Ahmet Davutoğlu, buna sıcak bakmamasını, mealen, “Tampon bölge olunca ne olacak? Oraya Sünniler gelip, sığınacak. Bu da, rejimin, ülkenin Halep-Hama-Homs hattının batısında kalan, Akdeniz’e kadar olan bölgeyi Nusayri bölgesi olarak sağlama alıp, Suriye’nin mezheplere dayalı coğrafi bölünmesine işleri götürmesine yol açar” diye açıklıyor.
Brüksel’de NATO toplantısının hemen ardından Ahmet Davutoğlu’nu dinlediğiniz takdirde, Suriye’ye yönelik ne NATO’lu dış askeri müdahalenin, ne de Türkiye’nin –çok kişinin alarm zilleri çaldırdığı- askeri müdahalesinin eli kulağında olmadığı sonucuna varabilirsiniz.

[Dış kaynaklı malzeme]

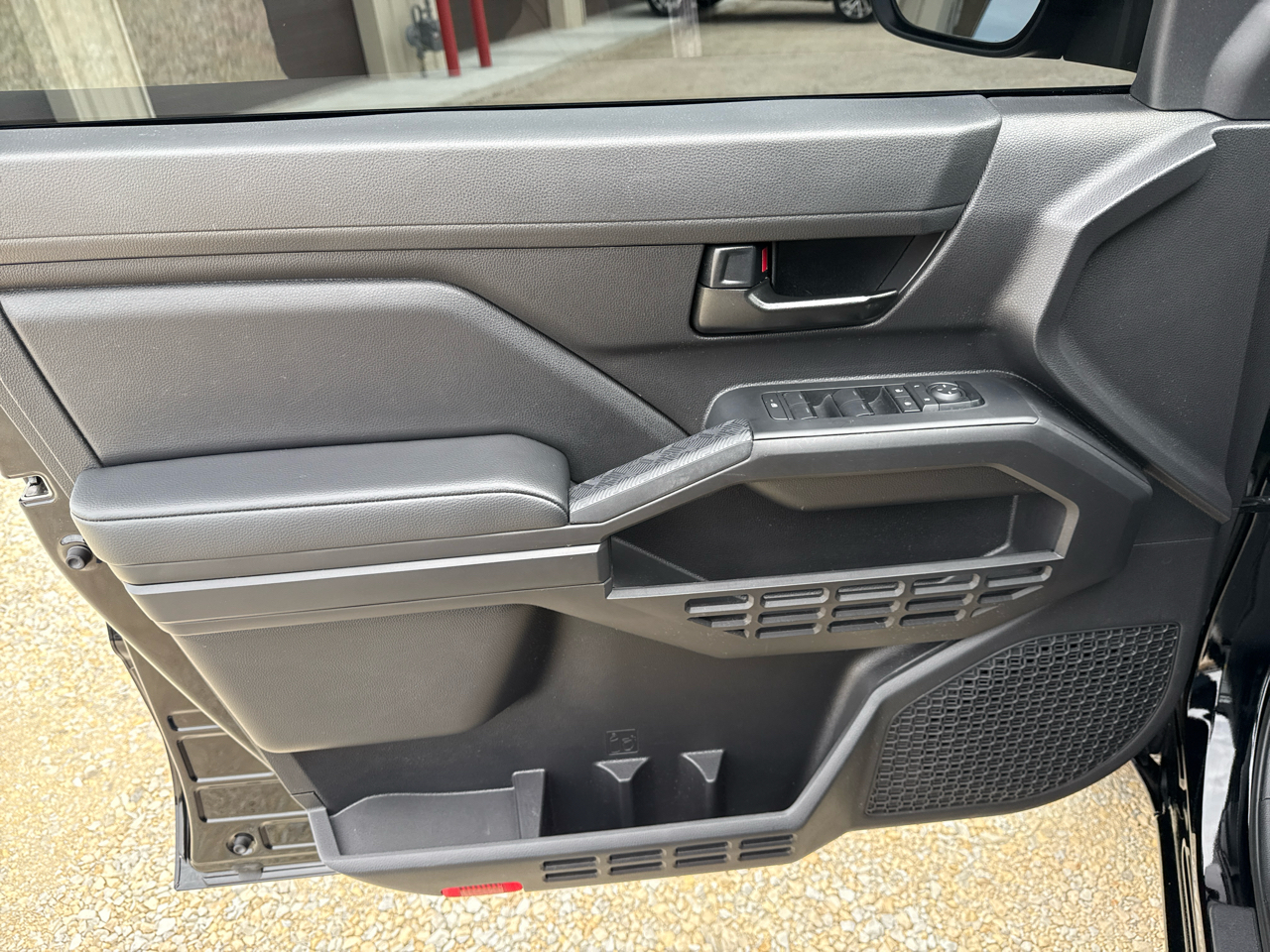 Toyota Tacoma SR Dbl Cab 4WD at 2025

Ayrıca, Ahmet Davutoğlu, “ahlaki açıdan” da çok rahat gözüküyor. “Başşar Esad’ı ve yönetimini kurtarmak için elimizden geleni yaptık. Cumhurbaşkanımız da, Başbakanımız da, ben de” diyor; “defalarca çıkış yollarını gösterdik, kendilerine yardımcı olacağımızı içtenlikle söyledik. Olmadı. Tam tersine, kendi halkına karşı insafsız bir tutuma girdi. Seçim noktasına gelince, Suriye halkını seçtik” diye ekliyor.

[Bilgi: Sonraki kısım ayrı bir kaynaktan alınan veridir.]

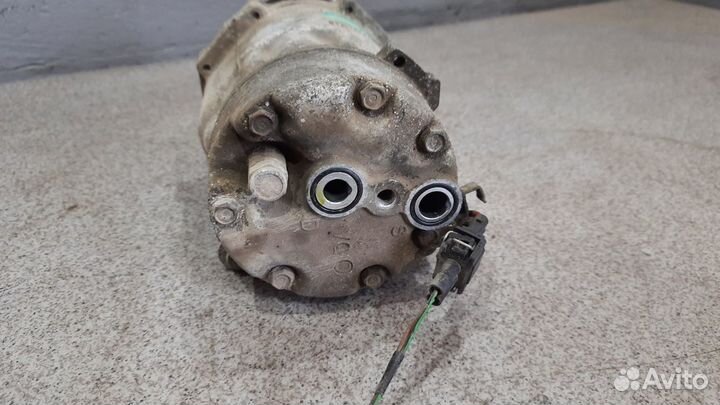 Компрессор кондиционера WV Passat b4 b3 1.6 - 1.8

Suriye’deki kan banyosu, dışarı yansıyan resmi rakamlardan çok ama çok daha fazla. Örneğin, 4000 olarak bilinen ölü sayısının 10 bine ulaşmış olduğu Bakan’a çok özel ve çok yetkili bir kaynaktan ulaşmış. Tutuklu bulunmayan hane sayısı yok gibi. Rejimin ömrü kısaldıkça, çok daha sertleşebileceği ve kan dökeceği de tahmin edilebiliyor.
Suriye’deki gelişmeler, kabul edilemez kitlesel katliam boyutlarına ulaşırsa, “dış müdahale”, başka bir deyişle “askeri müdahale” ihtimali gündeme gelebilir mi?
Buna kategorik bir “hayır” cevabını Davutoğlu da veremiyor.
Onun buna henüz pratiği netleşmemiş teorik cevabı, “İşlerin o raddeye gelmemesi, Suriye’nin dağılmaması için rejimin ömrünü daha da kısaltmak” diye özetlenebilir.